Your answer must be every line of the data below that holds the string "Turbo", copied exactly.

Material provided
--- START ---
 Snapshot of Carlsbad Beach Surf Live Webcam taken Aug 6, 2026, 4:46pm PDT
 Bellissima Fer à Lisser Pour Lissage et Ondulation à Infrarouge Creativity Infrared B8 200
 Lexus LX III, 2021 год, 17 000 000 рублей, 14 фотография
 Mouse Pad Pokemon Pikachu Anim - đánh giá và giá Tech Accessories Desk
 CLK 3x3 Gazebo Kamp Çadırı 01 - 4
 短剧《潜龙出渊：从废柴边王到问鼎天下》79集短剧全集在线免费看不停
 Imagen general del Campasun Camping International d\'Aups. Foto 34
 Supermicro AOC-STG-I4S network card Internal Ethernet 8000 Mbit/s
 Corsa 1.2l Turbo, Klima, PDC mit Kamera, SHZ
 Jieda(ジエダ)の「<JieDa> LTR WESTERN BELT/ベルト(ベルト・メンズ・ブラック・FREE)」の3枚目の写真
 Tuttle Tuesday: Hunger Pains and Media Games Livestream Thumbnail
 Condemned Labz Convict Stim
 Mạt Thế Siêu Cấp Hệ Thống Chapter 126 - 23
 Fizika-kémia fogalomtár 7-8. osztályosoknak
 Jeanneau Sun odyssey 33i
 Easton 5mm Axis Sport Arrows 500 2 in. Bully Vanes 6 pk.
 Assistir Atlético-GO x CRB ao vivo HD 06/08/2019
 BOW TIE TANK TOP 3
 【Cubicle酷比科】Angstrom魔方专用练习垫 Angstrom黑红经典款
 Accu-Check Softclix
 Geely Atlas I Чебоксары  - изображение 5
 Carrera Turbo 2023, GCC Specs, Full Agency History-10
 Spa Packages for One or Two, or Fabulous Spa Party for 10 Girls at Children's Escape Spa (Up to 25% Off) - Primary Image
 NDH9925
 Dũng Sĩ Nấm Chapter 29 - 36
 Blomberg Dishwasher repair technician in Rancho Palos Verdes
--- END ---
Output of the exercise
 Corsa 1.2l Turbo, Klima, PDC mit Kamera, SHZ
 Carrera Turbo 2023, GCC Specs, Full Agency History-10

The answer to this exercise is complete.